В силу своих психических заболеваний я не могу ни с кем познакомиться, общаться. Это страшно, а даже если удастся, всегда приводит к разочарованию.
У меня был лучший друг, мы с ним общались 7 лет, дольше, чем с кем бы то ни было. Он был единственным близким человеком, смыслом моего существования. Два дня назад он сказал, что уезжает в другой город навсегда, дал понять, что общаться мы больше не будем.
Теперь нет смысла ни в чем. Все, что я делал, было для него и ради него. Одежда, чтение книг, ЗОЖ, мечты. За каждой моей мыслью стоял его образ. Теперь все не имеет смысла.
И радоваться не хочется, как раньше. Теперь сама радость кажется какой-то бесцветной, она не стоит никаких усилий.
Шанса найти нового друга у меня нет, да и не нужно это.
Он был всей моей жизнью, как бы претенциозно это ни звучало. И эта жизнь меня покинула.
Зачем пишу это? Просто некому. А привычка рассказывать обо всем есть. А может, у кого-то такая же ситуация вдруг. Дайте знать.

----------


## Чувак

> даже по интернету я ни с кем не общаюсь


 по интернету лучше не общаться, там в основной массе неадекваты. 
Я тоже собираюсь в другой город, но контакты с моим единственным другом обрывать не собираюсь, наоборот буду с ним созваниваться каждый день. 
ему будет интересно что творится со мной, а мне интересно что творится в моем городе. странно что твой друг так поступает, ведь расстояние не имеет значения.

----------


## Саша Новак

Возможно, это просто повод со мной не общаться, уважительная причина.

----------


## Саша Новак

Никто же не хочет чувствовать себя сволочью (последний человек, который перестал общаться с таким жалким и убогим)

----------


## Саша Новак

вы долго общаетесь? Как он воспринял уезд?

----------


## Чувак

больше 20 лет. нормально воспринял, не будет же он меня отговаривать. если я чтото решил, меня уже врятли ктото отговорит.

----------


## Phenex.New episode

Ты жил ради него? Сочувствую, ты проебал себя. Типичная история.

----------


## Phenex.New episode

> по интернету лучше не общаться, там в основной массе неадекваты.

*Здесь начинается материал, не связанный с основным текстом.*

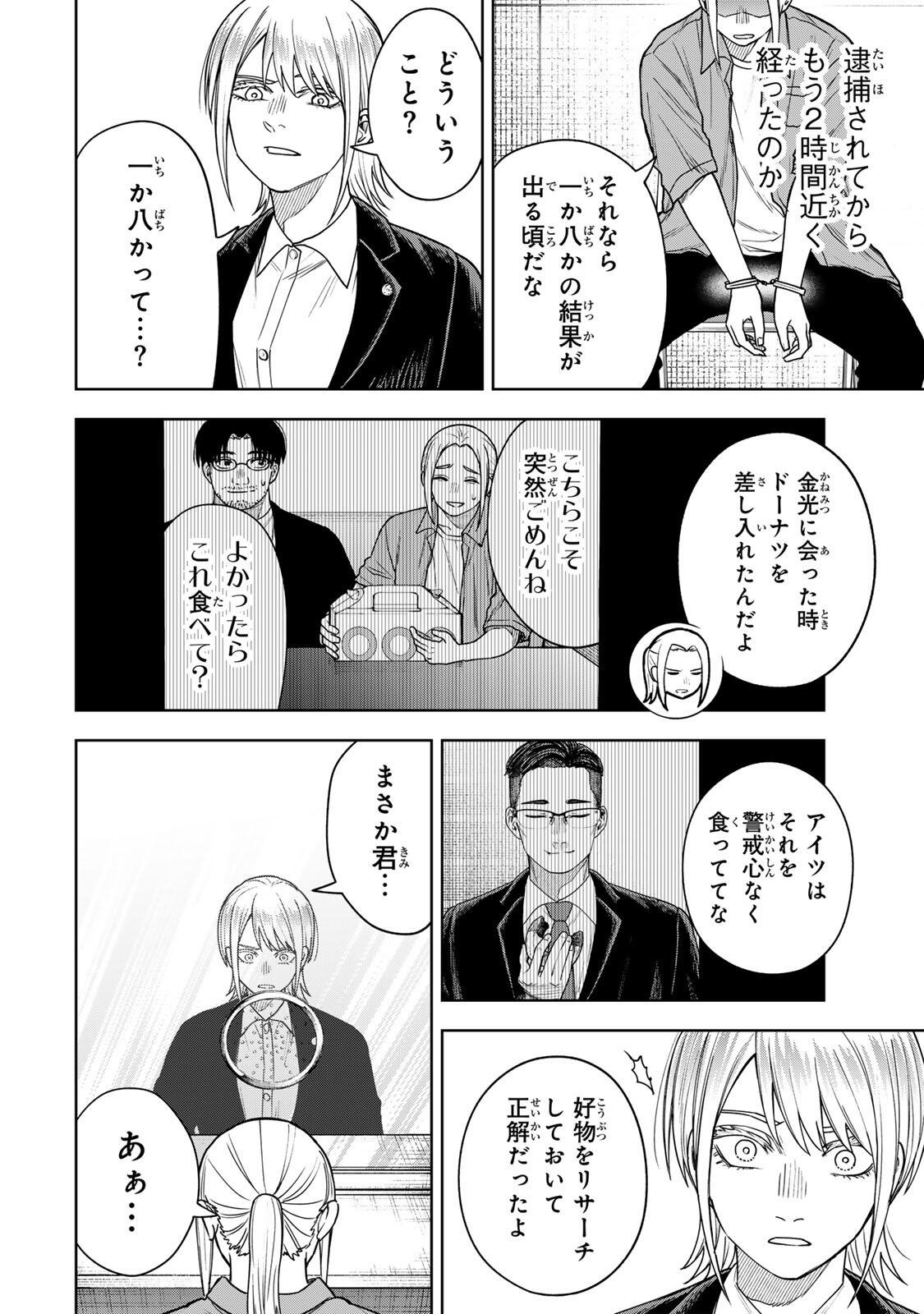 Soshite setsuna wa kurikaesu Chapter 18 8ページ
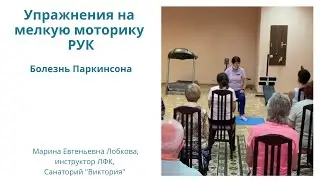 Как вернуть рукам гибкость?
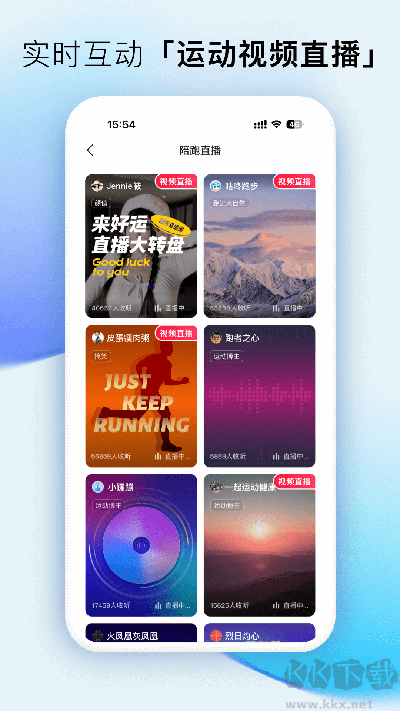 咕咚運動2024官方版 v10.37.0最新版2
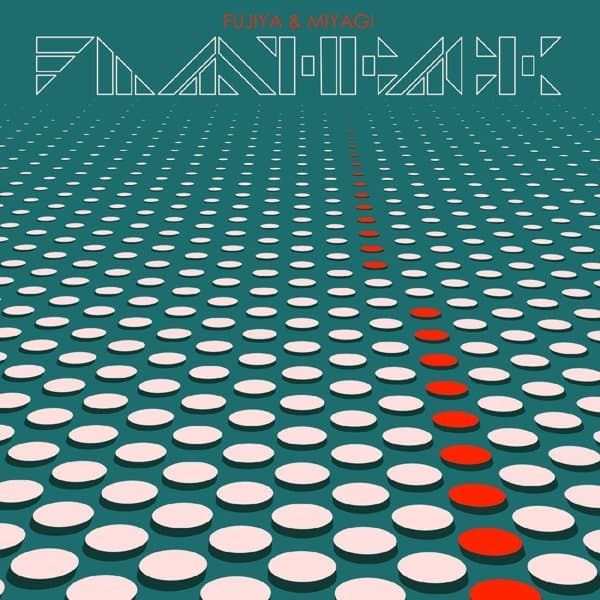 Fujiya & Miyagi - Flashback (CD)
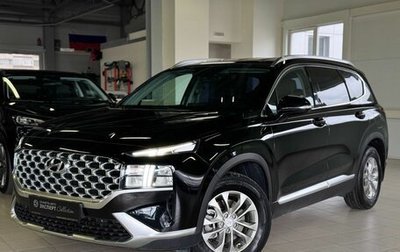 Hyundai Santa Fe IV, 2021 год, 3 250 000 рублей, 1 фотография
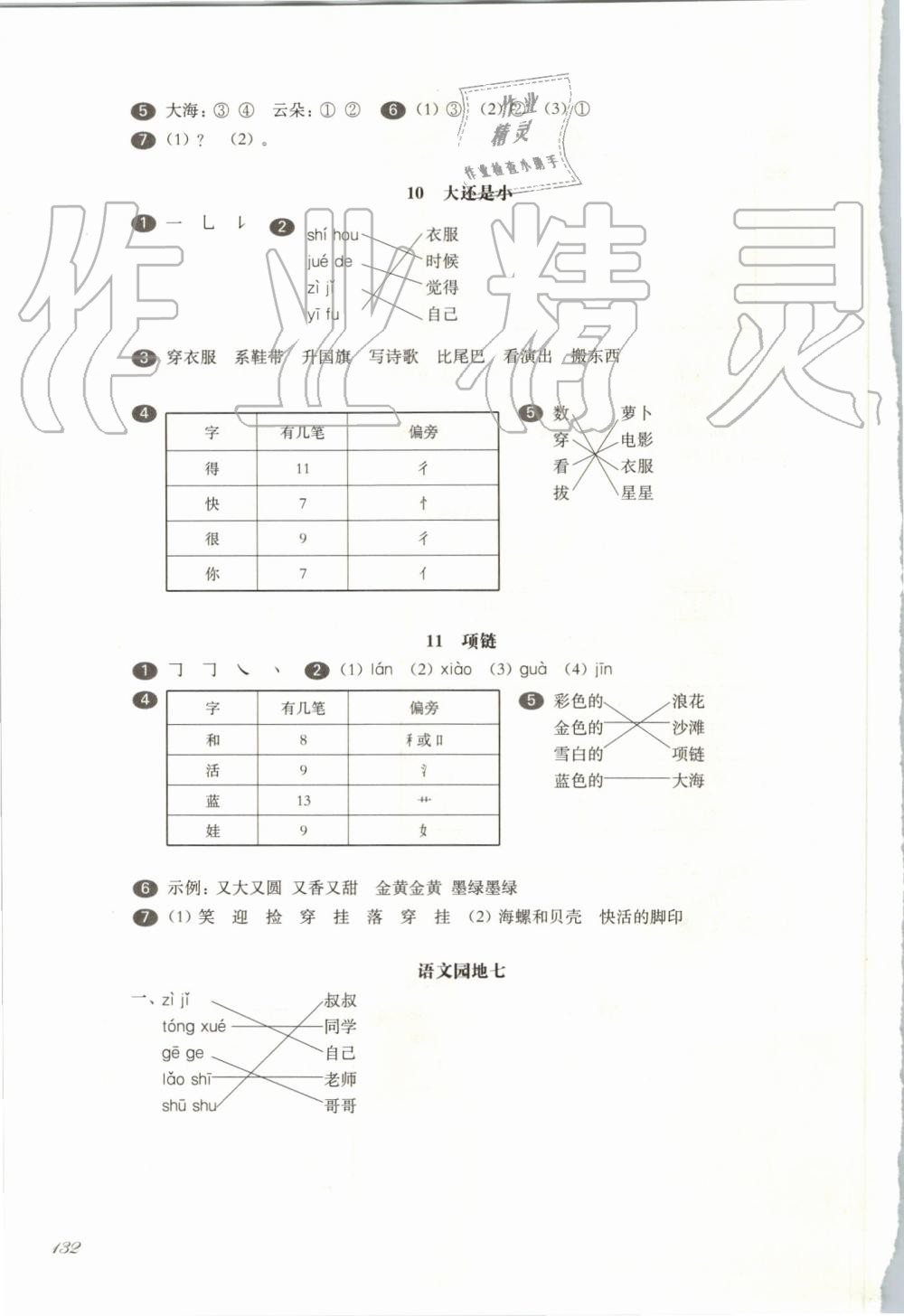 2019年華東師大版一課一練一年級語文第一學(xué)期 第12頁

 Не страшно так жить?) Выходит, что в принципе, 90% населения - либо боты, либо умалишенные?). Что там, в другом городе? В другой стране? В другом мире? На другой планете? Что может измениться, если мы все поймем, что хотим этих изменений? Знаете, в чем проблема? Нас, таких, очень мало. Относительно умных, умеющих мыслить и понимать суть происходящего. Почему "относительно"? Потому что и мы не до конца понимаем, иначе бы перевернули этот мир, и никто бы не смог нам противостоять. Но нас останавливает страх, который нам внушают.  Этот страх не дает нам двигаться вперед, заставляет сомневаться в себе, не верить в себя. Нам говорят, что это идет исключительно от нас самих, и нам надо научиться преодолевать это. Так ли это? А если это так, то кто и зачем это в нас программирует? Кому это выгодно? И что в конечном итоге из нас хотят сделать?

----------


## Чувак

Сейчас сижу и понимаю, как же трудно сделать последний шаг. Для меня сейчас последний шаг - это купить билет. После этого я распрощаюсь с привычной жизнью.
Обратно вернуться будет можно, но это будет возвращение в пустоту и лучше этого не делать.
И представляю насколько тяжело будет сделать действительно последний шаг в жизни.

----------


## Phenex.New episode

> все мы понимаем) Только глупец может надеяться на переворачивание мира....кстати, как там гипноз?


 Я написала об этом, в дневниках)

----------


## Phenex.New episode

> Так интересно всю жизнь наблюдать за особями, которых общество не принимает и они готовы на все, лишь бы завоевать хоть чуточку расположения себе подобных существ) Жалко мне вас ?? НЕТ....Стремиться к какашкам может только такая же самая какашка, которая из-за физических дефектов не принимается другими какашками и страдает очень в связи с этим)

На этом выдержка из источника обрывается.